Critical Mitigation was introduced in November 2008 with The Shadow Odyssey expansion. At first, it played no part in solo quests or group zones, thus many people weren’t even aware of it at the time. But anyone who was into raiding x4 (24 person) zones, and later, Ward of Elements x2 raids, has been collecting this stat for a while.
The Shadow Odyssey was fairly gradual with the amount of Crit Mit required. At the time, exceptional healers could keep an undergeared character alive long enough to get necessary gear upgrades.
Sentinel’s Fate cranked things up a bit, requiring at least 1-2 Crit Mit adornments to do the harder content and making it a bit harder for healers to “cover” for a player who a few points short.
But Destiny of Velious went completely bananas, initially requiring Crit Mit to do all raid, group AND solo content. Many of us fondly remember getting one-shotted by badgers and sea urchins during the Velious Beta.
Everywhere Crit Mit
At the launch of Velious, each group zone had a progression of gear, and that progression HAD to be followed to get enough Crit Mit to even consider moving into the next set of group zones. And unlike the somewhat forgiving Crit Mit mechanic of past expansions, Velious made Crit Mit a “do or die” stat. Being a few points short became a death sentence.
Although the requirement of Crit Mit was eventually dropped for solo content, and more recently for all group content except Drunder, the requirements for raiding have remained incredibly steep.
As a result, Velious has attracted parallels to the merciless “back-flagging” that made the original EverQuest’s Planes of Power expansion so maddening.

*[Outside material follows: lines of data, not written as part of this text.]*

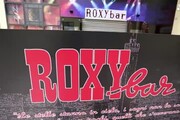 Chiude Roxy Bar cantato da Vasco Rossi in 'Vita spericolata'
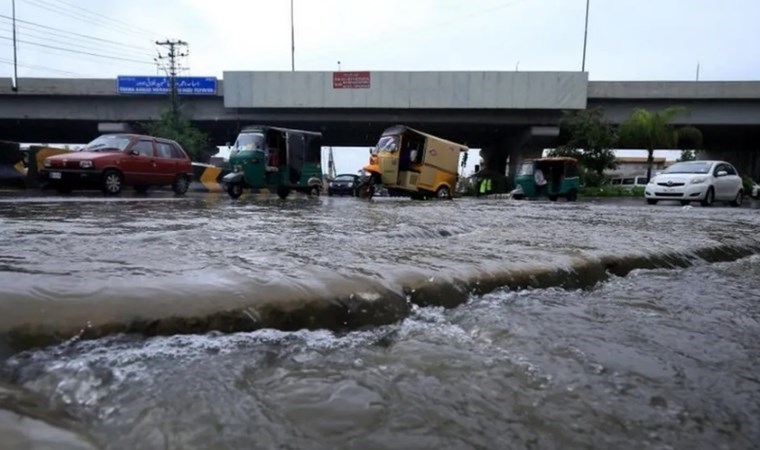 Sel ve şimşek Pakistan ve Afganistan’ı vurdu: Acil durum ilan edildi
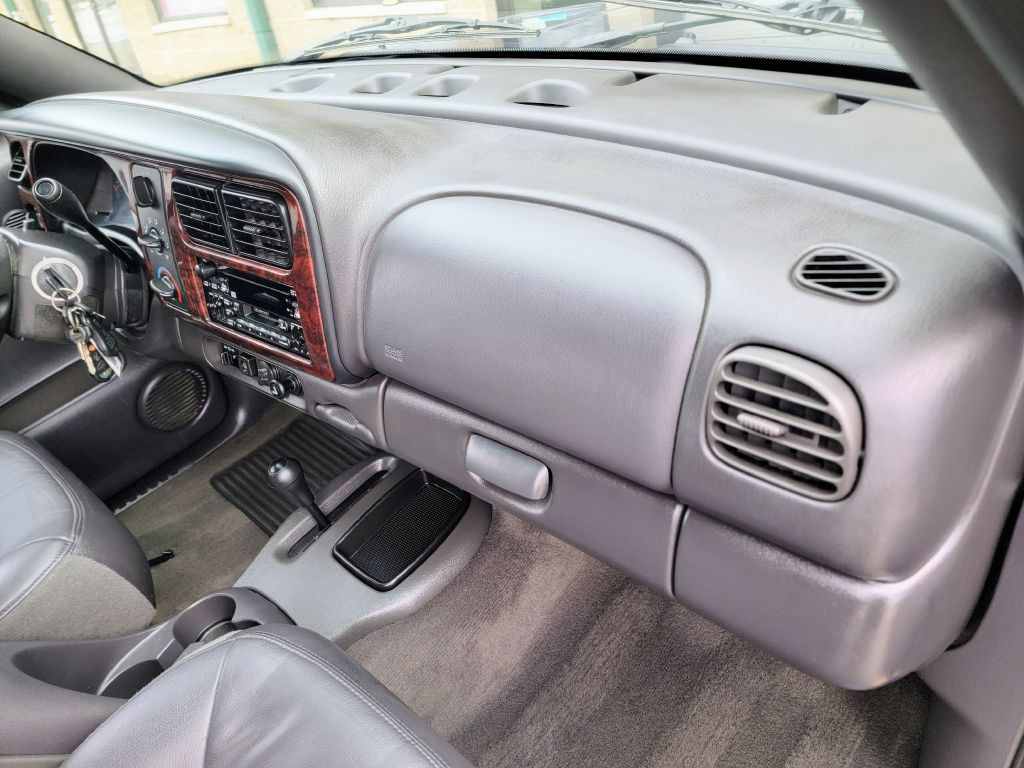 2000 Dodge Durango Image 32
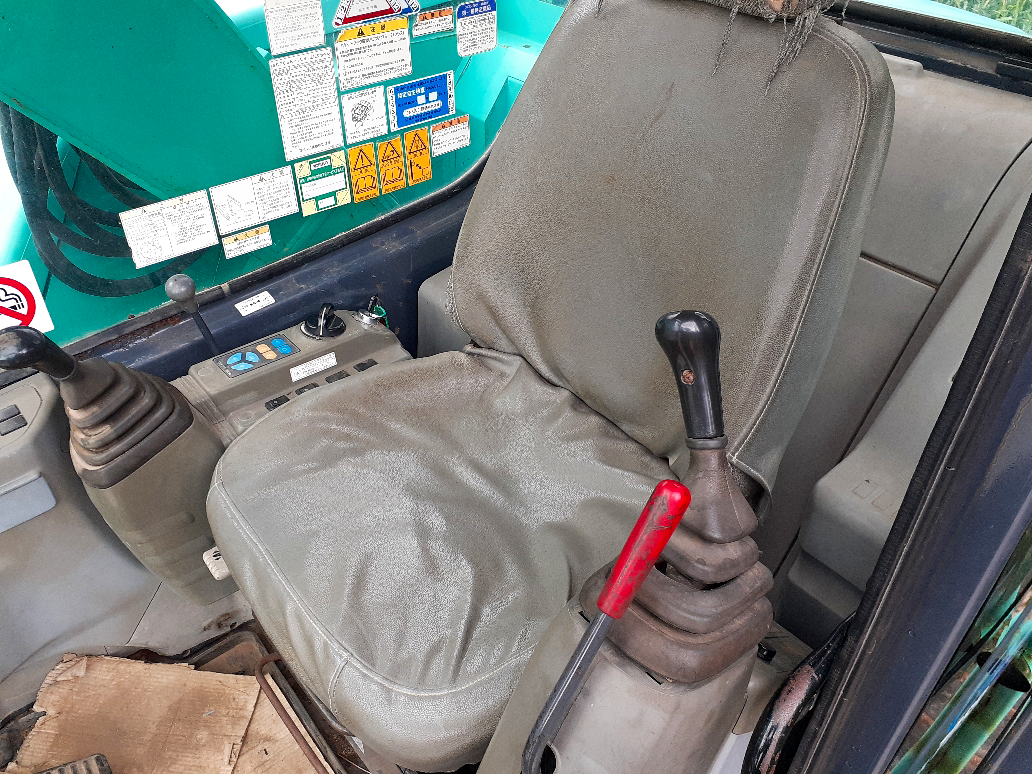 コベルコ 油圧ショベル(ユンボ・バックホー) SK70SR-1ESの買取写真5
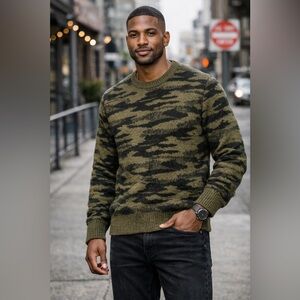 For The Republic Men’s Camo Knit Sweater Large Green Black Crewneck NWT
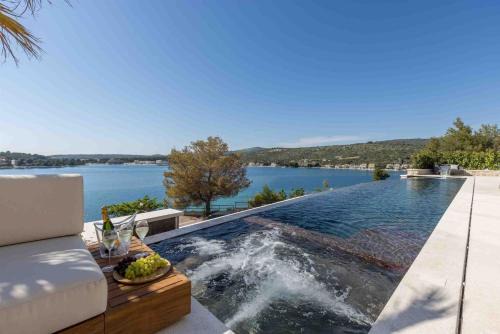 Podglavica Villa | Villa Olive Vista 1, Zatoglav, Rogoznica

Every new applicant to a raiding guild has needed remedial trips to raid zones and targets which the guild has moved on from (typically EM or non-Challenge zones), just to get the right gear pieces to have enough Critical Mitigation to even dream of resuming work on their usual targets.

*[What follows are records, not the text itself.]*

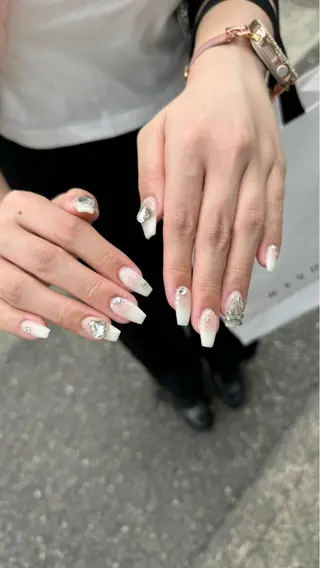 ネイル LAVISH nanamiのネイルデザイン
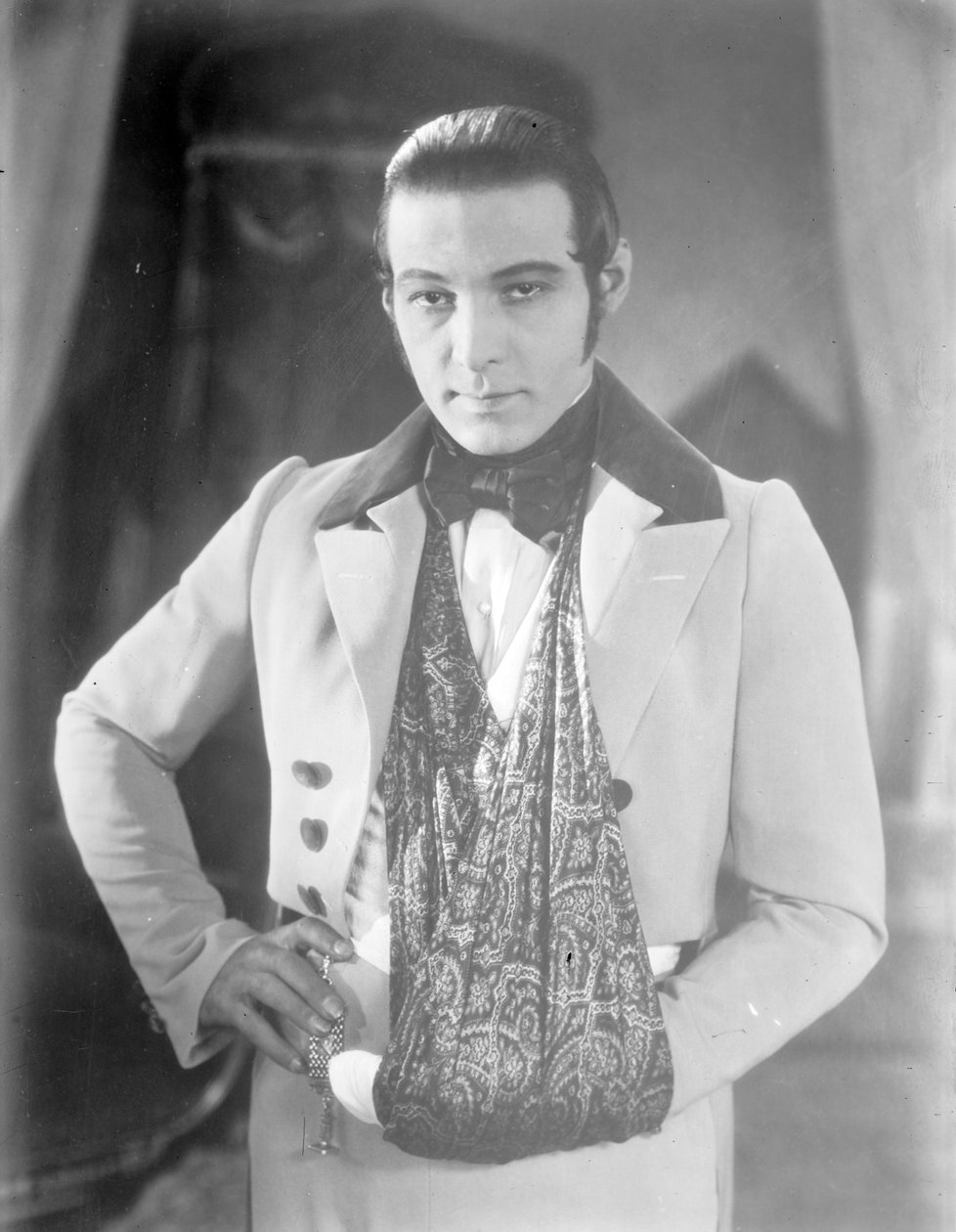 Valentino na planie „Orła” z ręką w temblaku po wypadku samochodowym, ok. 1925 autorstwa George Grantham Bain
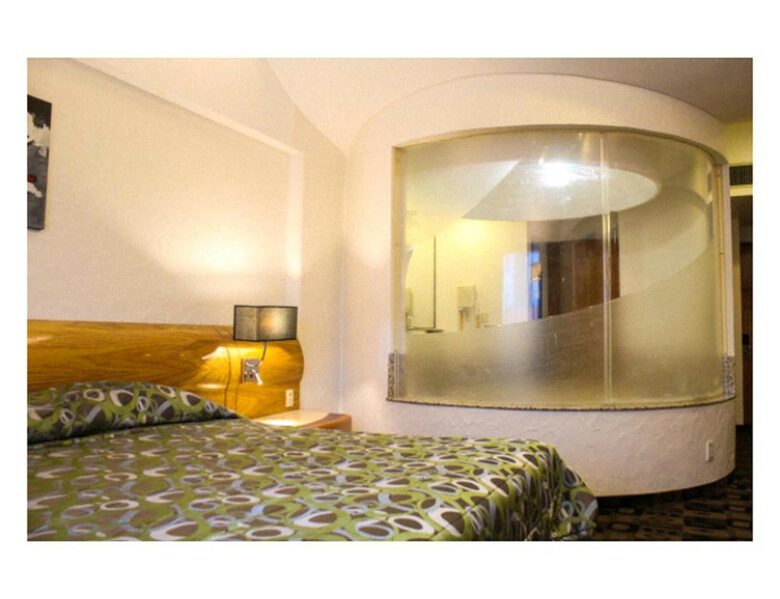 Hotel Mandarin Carton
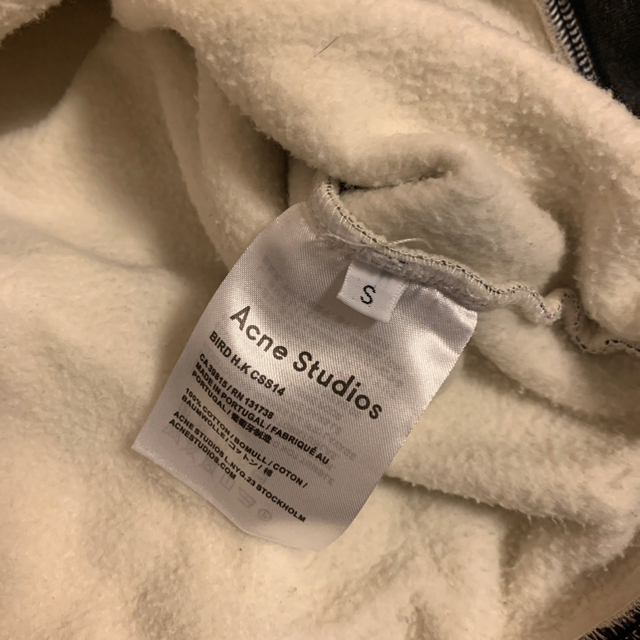 acne studios スワン柄　トレーナー 2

Ironically, it was into this climate of challenging progression that EQ2’s well-intentioned Dungeon Finder service blundered into and promptly collapsed. A system that randomizes player styles and skill levels into a random selection of zones only works if the content is interchangeable. Dungeon Finder would have been a fantastic introduction in Kunark or The Shadow Odyssey, but with Velious tiered content, it never had a chance.
If I recall correctly, Critical Mitigation was introduced as a way to mitigate the need for bi-annual level cap raises which tend to be a tremendous drain on development resources for content which, quite frankly, most people burn through in a week or two.
Ending the Crit Mit Rat Race
Before today’s news, I had been advocating a 20-30% across-the-board reduction in Critical Mitigation requirements. This would be a big enough change that raiders wouldn’t need to walk down memory lane quite so often, and players would have the option of equipping adornments other than Crit Mit.
You may recall that the mechanics changes in Velious (stripping cool effects/procs off most items and moving them to Adornments) were sold to players with the lofty idea that it would usher in an era of freedom of choice.
Yet acquiring new gear has been the definition of mixed emotions, as a a steady stream of Primal Velium Shards has been needed to re-purchase Crit Mit adornments for each new slightly upgraded piece of gear just to stay in the Crit Mit rat race.
The reality was, anyone serious about progressing through the harder group zones, into x2 raids, and finally into x4 raids had only one choice of adornment — Crit Mit. An EQ2 developer famously stated that any EQ2 player interested in progression should exclusively be using Critical Mitigation adornments.
A New Progression?
Love or hate Crit Mit, it has marked the progression of gear beyond level 90 for two going on three expansions. Short of raising the level cap, which seems unlikely based on past development comments, what will be the next “progression” stat?
The ugly truth is, every MMO is a treadmill. The art of MMO design is concealing that reality and doing so tastefully.